Features of the ship including its half-buried wheel, a toilet, a pump and the name-board were still clearly visible.
“It is rare that we find a shipwreck that so clearly announces what it is, and the name-board of the Atlanta really stands out,” said GLSHS executive director Bruce Lynn.
The name had been written in gold, with decorative scrollwork. “It is truly ornate, and still beautiful after 130 years on the bottom of Lake Superior.”
“We discovered nine shipwrecks last summer – not all have been released yet but we also have 19 targets to go back and look at that could be shipwrecks,” GLSHS director of marine operations Darryl Ertel told Divernet
“All of these are way outside sport diving, even technical diving, limits.” Ertel is one of the society’s technical instructors, teaching mixed-gas rebreather diving to 90m.

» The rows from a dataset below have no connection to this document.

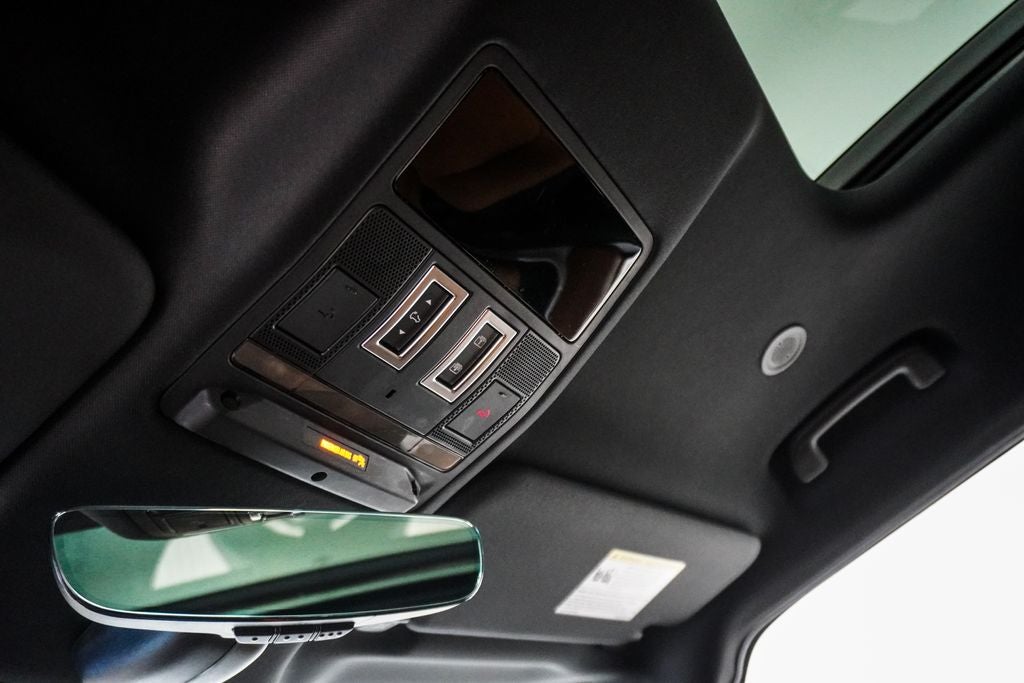 2023 Land Rover Defender 110 X-Dynamic SE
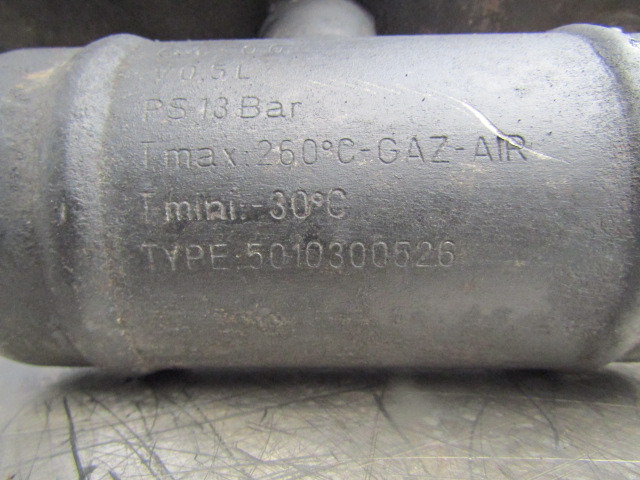 RENAULT PREMIUM COMPRESSOR PIPE & CHAMBER TYPE 5010300526 - Motor e peças por Camião: foto 2 RENAULT PREMIUM COMPRESSOR PIPE & CHAMBER TYPE 5010300526 - Motor e peças por Camião: foto 2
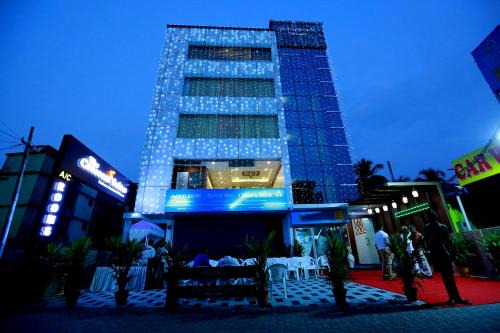 Kalamassery Hotel | The Crescent Suites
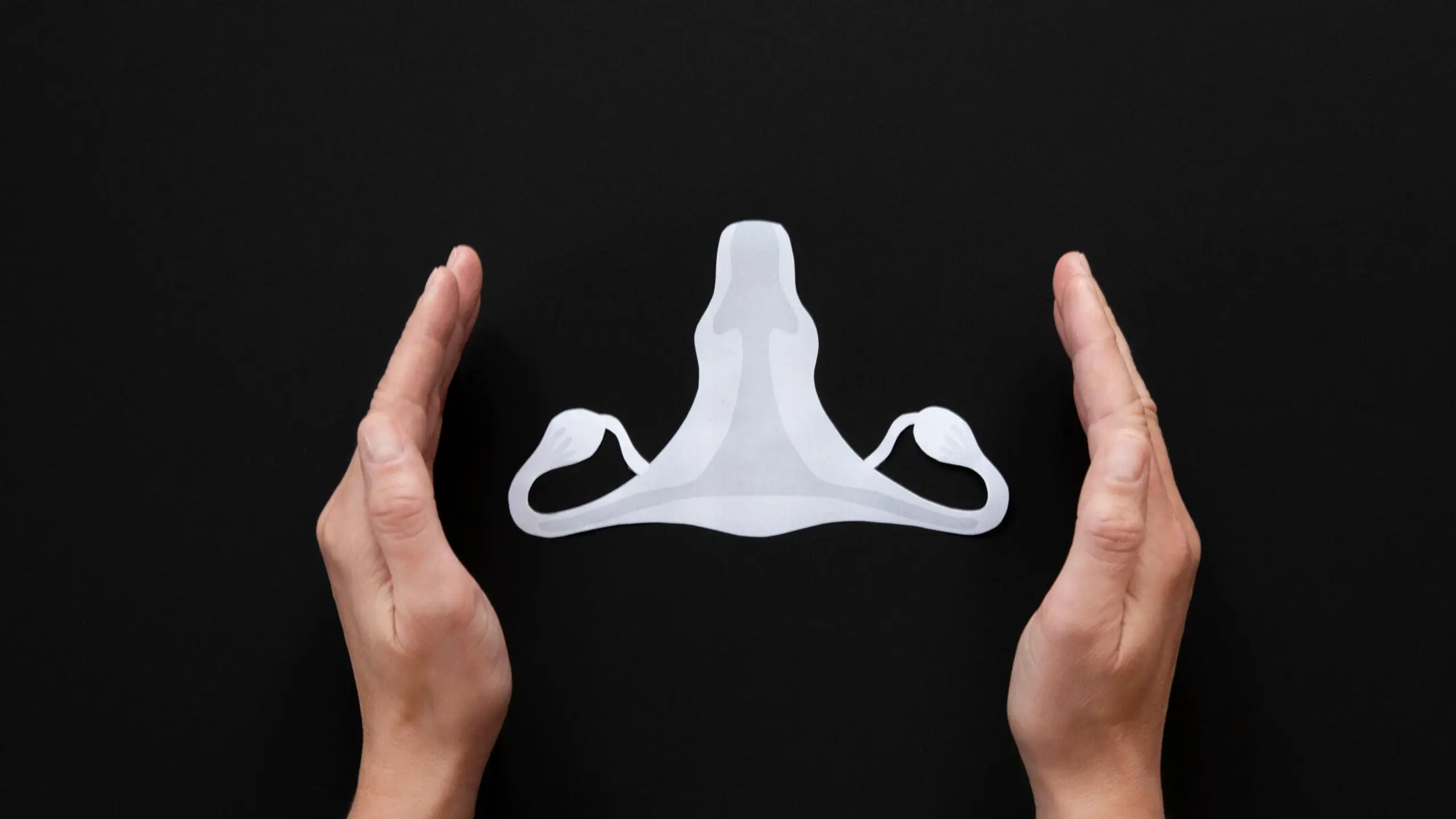 Gebärmutter aus Papier als Symbol für HPV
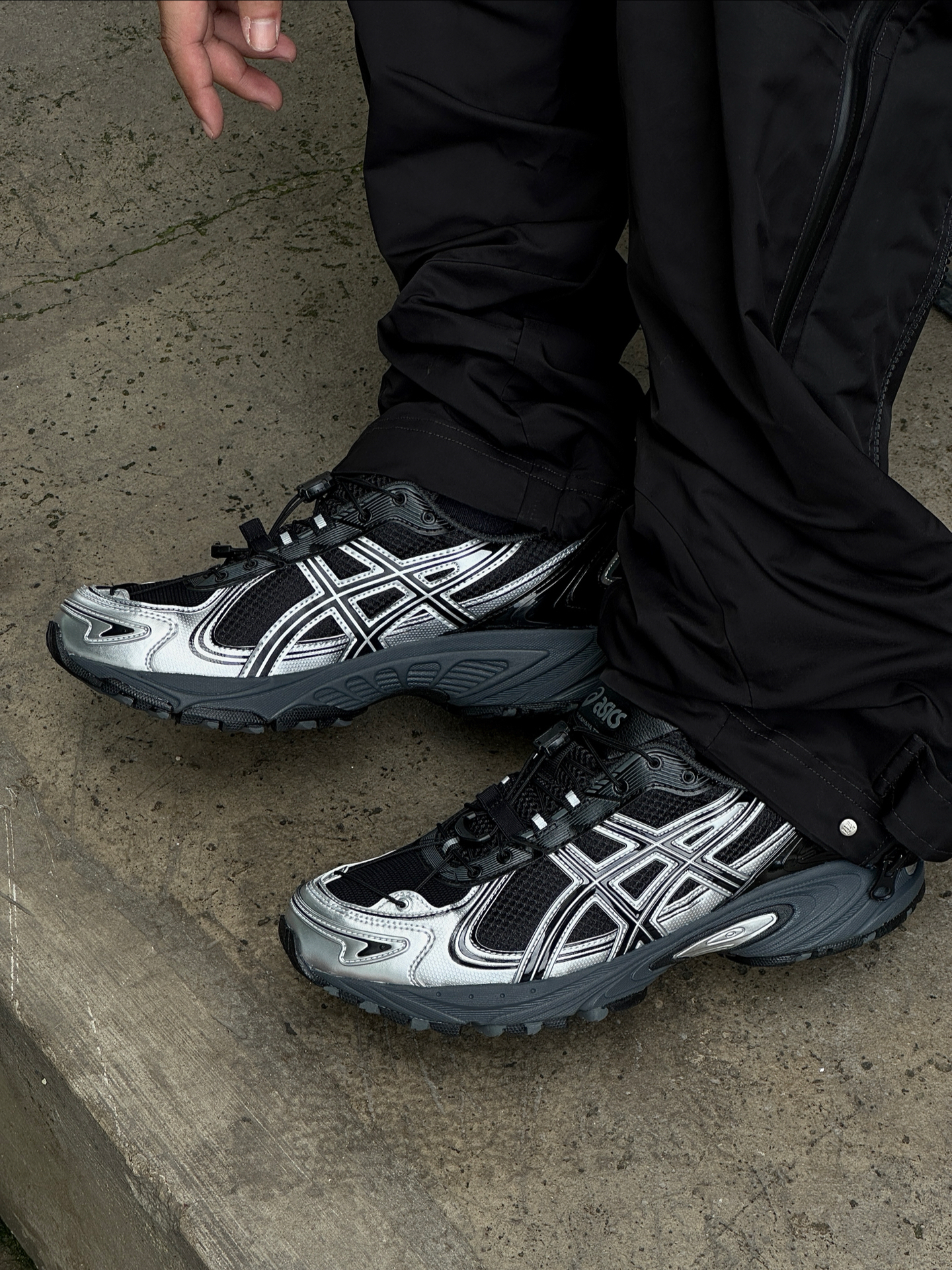 代購-ASICS Gel-Kahana TR V4 戶外機能舒適百搭老爹鞋 男女同款炭黑色1203A497-001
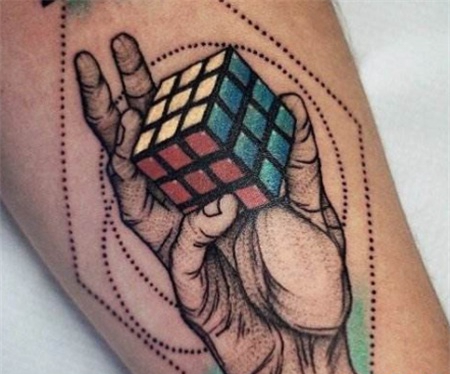 逼真的手掌和魔方纹身图案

“In 2007 and 2008 we found 14 shipwrecks in less than 8m of water at Whitefish Point, and produced two DVDs about them,” he said, recommending that for any scuba diver interested in exploring Lake Superior’s diveable wrecks, 30 are listed on the Whitefish Point Underwater Preserve website. Whitefish Point is just over 20km from Crisp Point.
Shipwrecks might be well-preserved by the lake’s cold waters, but those waters also threaten the lives of those unfortunate enough to fall into them.

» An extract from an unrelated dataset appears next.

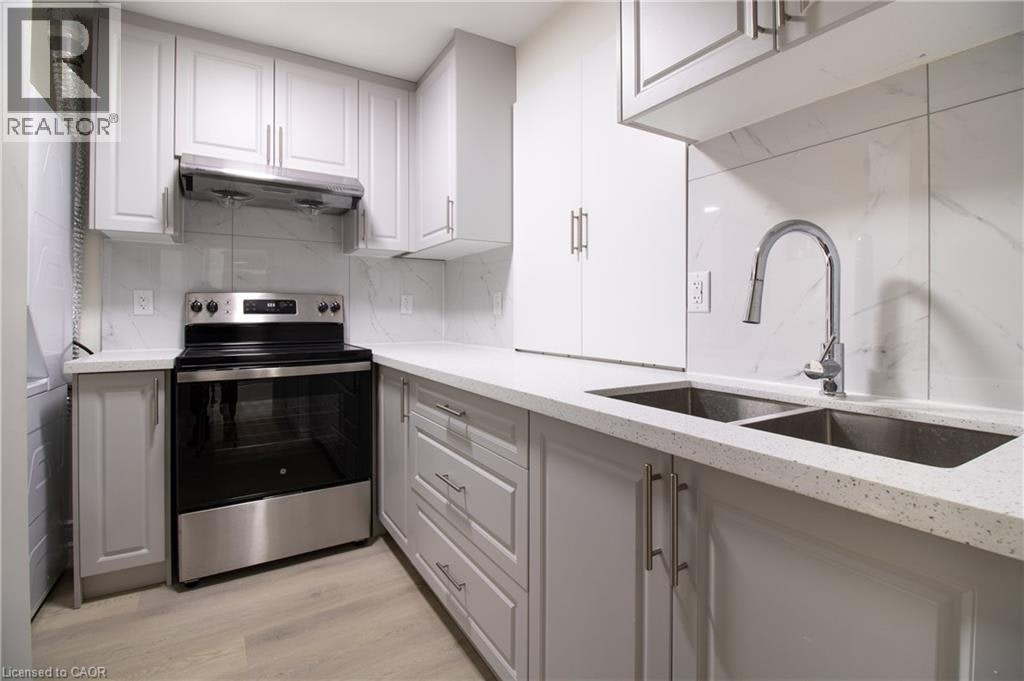Lower-55 William Dunlop Street, Kitchener, ON, N2R 0N8 - 5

Shortly after the GLSHS announced its discovery of the Atlanta, members searching US Life-Saving Service records came across a letter written two days after the sinking. It was signed by Eli Wait, one of the two surviving sailors, with the signature of the other man, John Pickel, appended.
Wait reports being saved “at the point of death” by lighthouse-keeper Captain Small at Crisp Point. Numb with cold, “in 10 seconds more I would have been lost, for the undertow was taking me out when the keeper ran out into the lake and pulled me ashore.
“It was impossible to save those who were lost; they were so benumbed with the cold that they could not hang on until the life-savers could get to them,” wrote Wait.
“I cannot express by pen my thankfulness for the kindness we received from the captain and the crew, for we can safely say that we are indebted to them for our lives.”